Odeon Carlton, summer 1972. Photo by F. Ellis Wiley. City of Toronto Archives, Fonds 124, File 2, Item 158.

By the early 1970s, the theatre’s size worked against it. Average weeknight crowds of two hundred and fifty patrons were not enough to pay the bills, so the site was sold to a developer. Burt Reynolds was the last star to grace the Carlton’s screen when White Lightning entertained the closing night crowd on September 27, 1973. When organist Colin Corbett played a farewell number, audience members rushed to the stage to ask for more. The credit roll was aborted and Corbett resumed playing tunes like “Auld Lang Syne.”

The imminent threat of demolition provoked a last minute rush of ideas on preserving the theatre. Alderman Art Eggleton spearheaded an unsuccessful attempt by city council to apply a heritage designation to stave off the wrecking ball, while the Canadian Opera Company proposed to convert the Carlton into an opera house/ballet venue. While opera officials had starry-eyed visions of the possibilities that the site offered (mostly because it wasn’t the O’Keefe Centre), National Ballet of Canada Artistic Director Celia Franca had a clearheaded view of the situation. She felt the rush to look at the Carlton was an emotional one based on the circumstances and that nobody had investigated the site too deeply. Despite a few protests and notions among city councillors to expropriate the property, demolition began in late November. The seats were passed around to other Odeon cinemas and a theatre chain in Vancouver, while the organ was shipped to Queens University and installed at Jock Harty Arena.

Cinemaphiles would have to wait until 1981 for films to show again at 20 Carlton, although the address was now applied to a new building slightly east of the original.

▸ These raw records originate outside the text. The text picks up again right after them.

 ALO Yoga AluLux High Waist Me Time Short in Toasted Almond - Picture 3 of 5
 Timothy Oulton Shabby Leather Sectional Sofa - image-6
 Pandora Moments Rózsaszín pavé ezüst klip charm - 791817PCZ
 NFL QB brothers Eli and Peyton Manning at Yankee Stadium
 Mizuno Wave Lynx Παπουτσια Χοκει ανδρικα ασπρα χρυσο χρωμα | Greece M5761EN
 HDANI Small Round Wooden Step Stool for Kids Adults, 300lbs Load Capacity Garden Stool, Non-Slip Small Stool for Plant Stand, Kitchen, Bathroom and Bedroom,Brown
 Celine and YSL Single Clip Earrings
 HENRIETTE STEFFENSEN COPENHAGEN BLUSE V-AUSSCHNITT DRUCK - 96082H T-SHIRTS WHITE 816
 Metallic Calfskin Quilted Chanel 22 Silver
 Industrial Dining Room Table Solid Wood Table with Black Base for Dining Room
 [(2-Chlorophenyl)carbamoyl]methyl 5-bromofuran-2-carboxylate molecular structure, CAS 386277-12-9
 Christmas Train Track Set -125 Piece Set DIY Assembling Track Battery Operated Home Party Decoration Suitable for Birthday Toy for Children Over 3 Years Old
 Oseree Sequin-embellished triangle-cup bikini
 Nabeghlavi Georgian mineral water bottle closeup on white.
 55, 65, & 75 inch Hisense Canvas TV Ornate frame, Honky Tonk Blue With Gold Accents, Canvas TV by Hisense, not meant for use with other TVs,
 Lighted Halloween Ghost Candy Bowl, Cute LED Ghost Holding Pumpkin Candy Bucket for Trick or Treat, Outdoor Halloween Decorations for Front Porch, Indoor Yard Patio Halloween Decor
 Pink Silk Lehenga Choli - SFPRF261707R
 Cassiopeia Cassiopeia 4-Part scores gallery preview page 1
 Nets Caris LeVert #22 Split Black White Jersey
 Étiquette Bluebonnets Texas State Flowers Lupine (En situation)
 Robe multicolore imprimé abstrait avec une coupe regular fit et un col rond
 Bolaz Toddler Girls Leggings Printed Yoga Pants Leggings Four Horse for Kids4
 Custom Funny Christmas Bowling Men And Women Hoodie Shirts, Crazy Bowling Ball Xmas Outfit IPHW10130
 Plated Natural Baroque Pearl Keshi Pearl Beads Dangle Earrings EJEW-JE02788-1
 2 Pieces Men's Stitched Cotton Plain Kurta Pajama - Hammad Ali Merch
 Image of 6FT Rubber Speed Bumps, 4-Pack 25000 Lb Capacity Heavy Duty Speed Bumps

Additional material from Palaces of the Night: Canada’s Grand Theatres by John Lindsay (Toronto: Lynx Images, 1999) and the following newspapers: the September 10, 1948, October 6, 1973, and November 24, 1973 editions of the Globe and Mail; and the September 10, 1948, and November 23, 1973 editions of the Toronto Star.

UPDATE

The Carlton’s closure was shortlived, as it reopened under new management in June 2010. As of November 2017, it’s still in business. The Canadian Contemporary Dance Theatre currently occupies 509 Parliament.

BEHIND THE SCENES

If you compare this version of the post to the original, you may notice some changes. Some are subtle, like moving around images. One isn’t: replacing the original lead image, which was a contemporary shot of 509 Parliament with an archival photo. By this time, I was starting to use Torontoist’s great pool of photographers for images where appropriate. There may be some cases in upcoming posts where I’ll reach out to the photographers to ask permission to use their shots, otherwise you should expect substitutions of images I took or relevant archival material.